Beginning at the line with "Kingthings Serifique Light Font", please repeat each line exactly through the end of the records below, including that first line and the last, but no pictures.

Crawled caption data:
◆ ◆ ◆ ◆ ◆
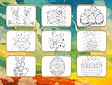 <b>Disegni da colorare di Pasqua - Easter coloring book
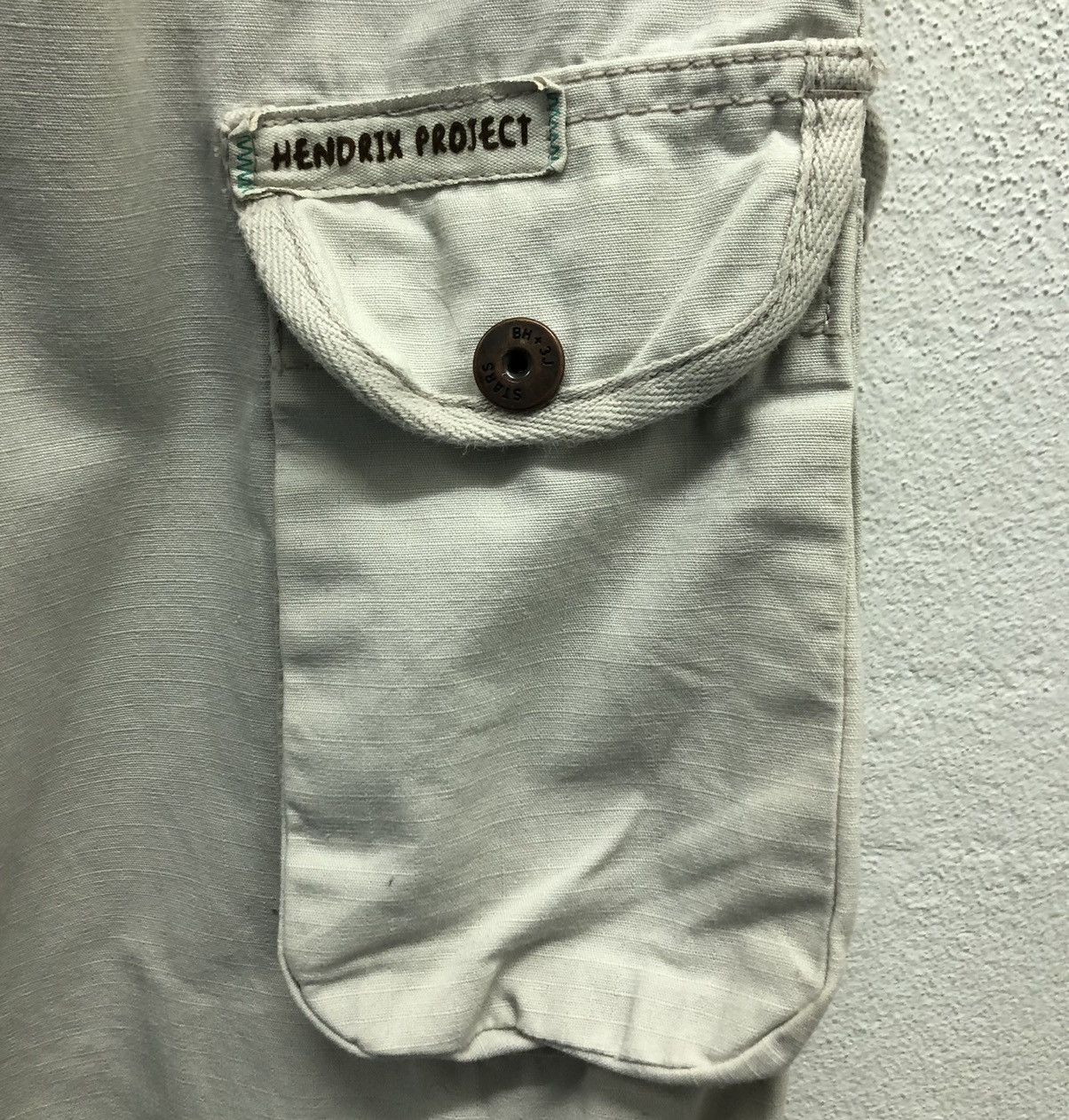 Vintage Basic House Woodstock Music And Art Fair Hendrix Cargo Pants Size US 35 - 7 Thumbnail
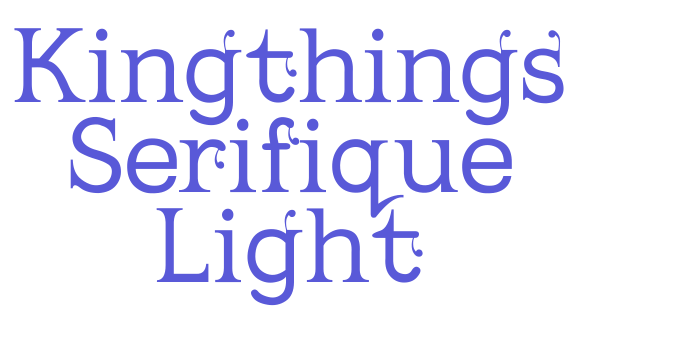 Kingthings Serifique Light Font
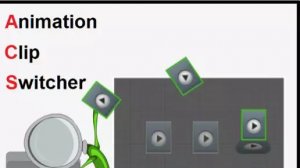 Asset Unity - Animation Clip Switcher (Переключатель анимационных клипов)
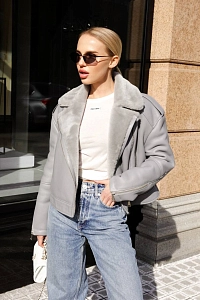 Дубленка Куртка GREY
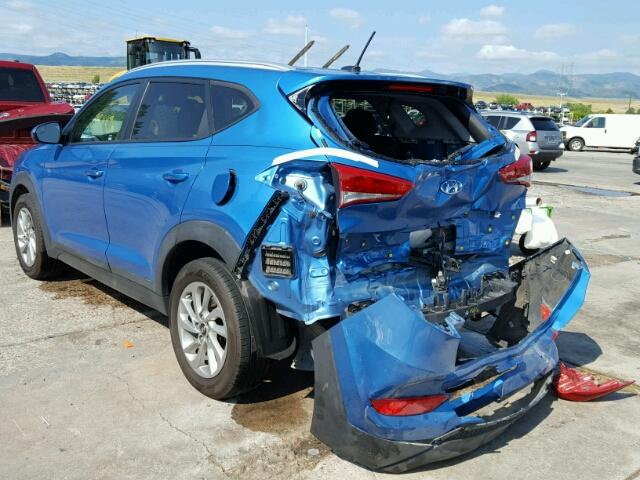 KM8J3CA4XGU084292 - 2016 HYUNDAI TUCSON LIM BLUE photo 3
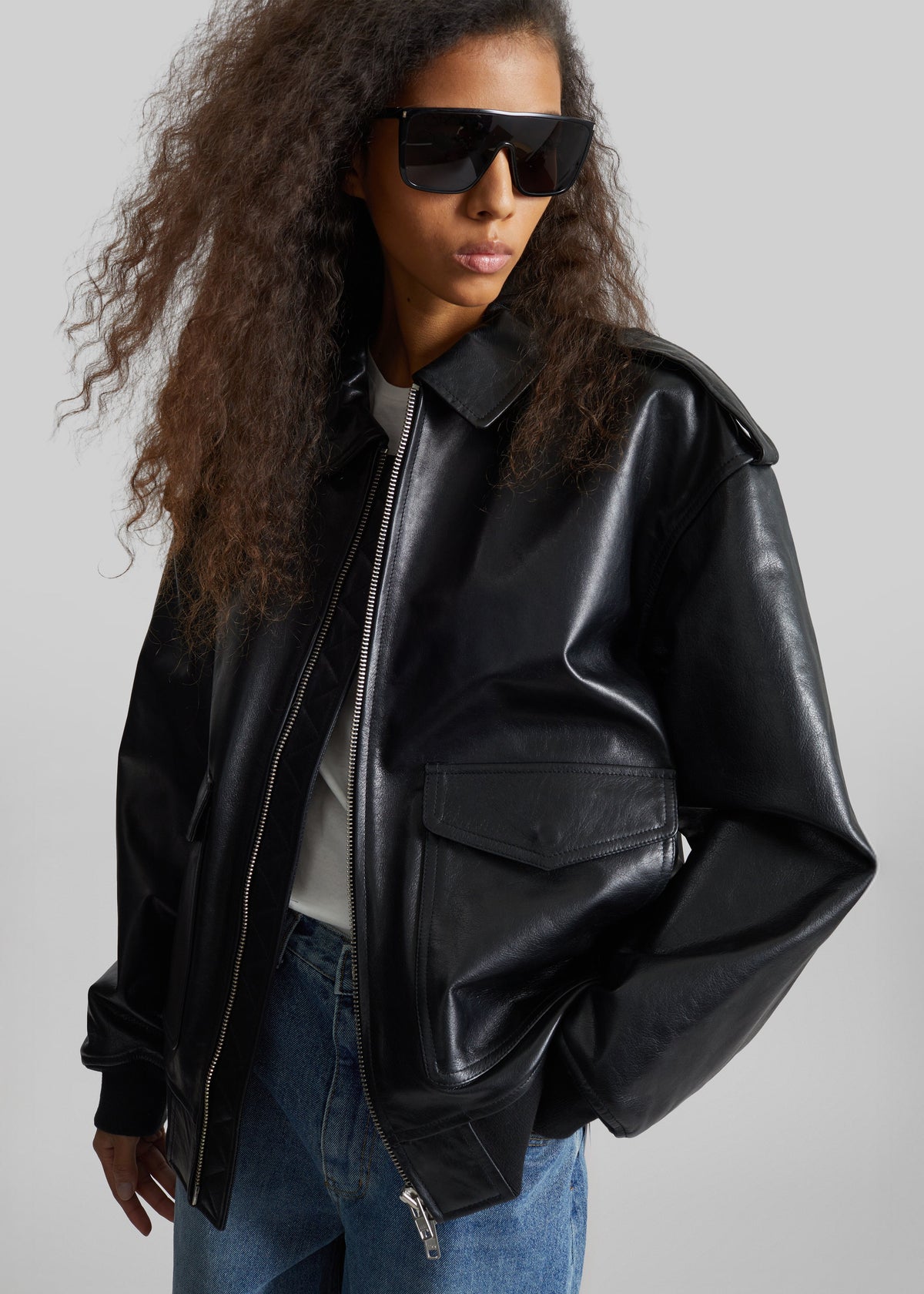 Viper Leather Jacket - Black – view 1 of 13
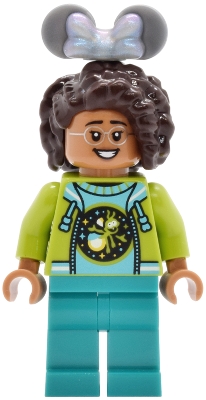 Main Street, U.S.A. Park Guest - Female, Medium Azure Sweater with Ant, Lime Hoodie with Dark Pink Water Lily on Back, Dark Turquoise Legs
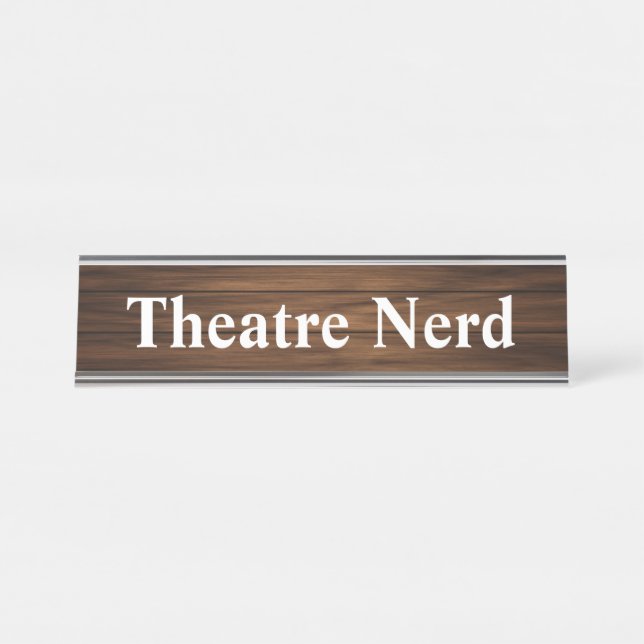 Placa De Mesa Nerd De Teatro Funny Retro Panelagem De Grãos De M (Frente)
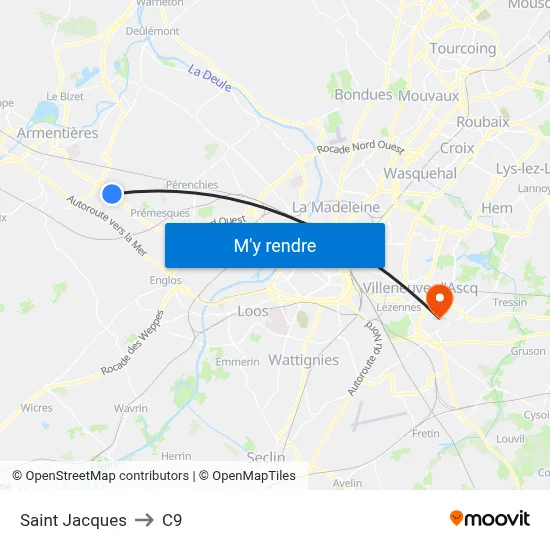Saint Jacques to C9 map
◆ ◆ ◆ ◆ ◆
- _OUTPUT_:
 Kingthings Serifique Light Font
 Asset Unity - Animation Clip Switcher (Переключатель анимационных клипов)
 Дубленка Куртка GREY
 KM8J3CA4XGU084292 - 2016 HYUNDAI TUCSON LIM BLUE photo 3
 Viper Leather Jacket - Black – view 1 of 13
 Main Street, U.S.A. Park Guest - Female, Medium Azure Sweater with Ant, Lime Hoodie with Dark Pink Water Lily on Back, Dark Turquoise Legs
 Placa De Mesa Nerd De Teatro Funny Retro Panelagem De Grãos De M (Frente)
Saint Jacques to C9 map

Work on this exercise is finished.